The parameter ITEOPT (default is 11) allows the user to specify an optimum number of iterations which is to be used to decide where to auto-adjust the current timestep. Suppose the number of iterations to converge at the current timestep is greater than ITEOPT, LS-DYNA then reduces the current timestep (using a built-in scale-factor) to reduce the non-linearity of the problem. 

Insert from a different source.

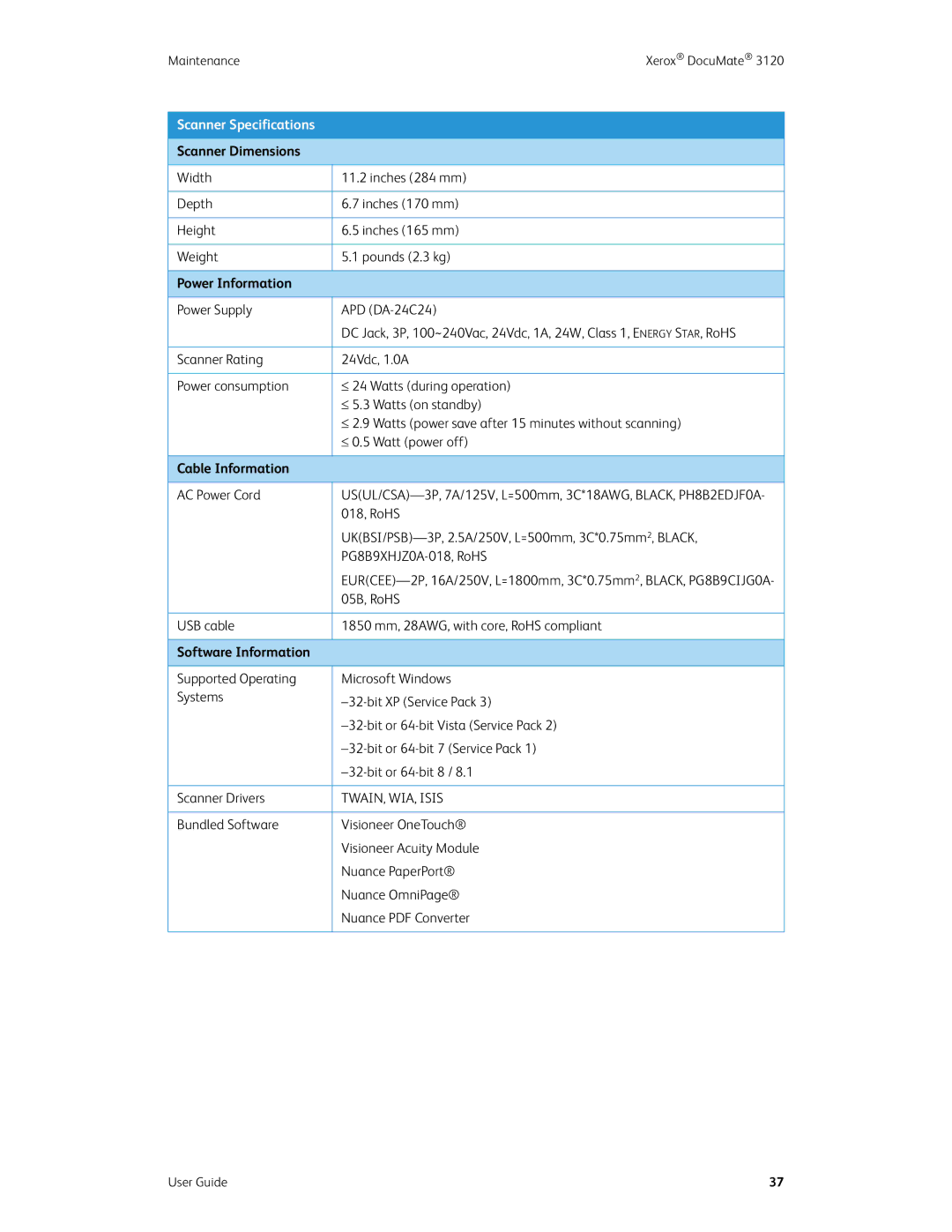 Xerox xerox manual Scanner Dimensions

However, suppose the number of iterations at the current timestep is less than ITEOPT. In that case, LS-DYNA then increases the current timestep (using a built-in scale factor), assuming the problem is getting easier to solve. To allow some tolerance to the value of ITEOPT, the parameter ITEWIN is a very useful feature that prevents LS-DYNA from hastily auto-adjust the timestep. When ITEWIN is defined (default is 15) and the number of iterations at the current timestep falls in the range of ITEOPT +/- ITEWIN, then LS-DYNA bypasses the auto-adjust of the timestep. This is shown in the following Figure 3 

To provide a minimum allowable timestep size that LS-DYNA can auto-adjust to, the parameter DTMIN can be specified. To define the maximum allowable timestep, there are two possible ways using the parameter DTMAX. When DTMAX is greater than zero, then LS-DYNA will not auto-adjust such that the timestep is either equal to or below DTMAX. When DTMAX is less than zero, it refers to a load curve that can be used to define a variable maximum allowable timestep. This is illustrated in Figure 4.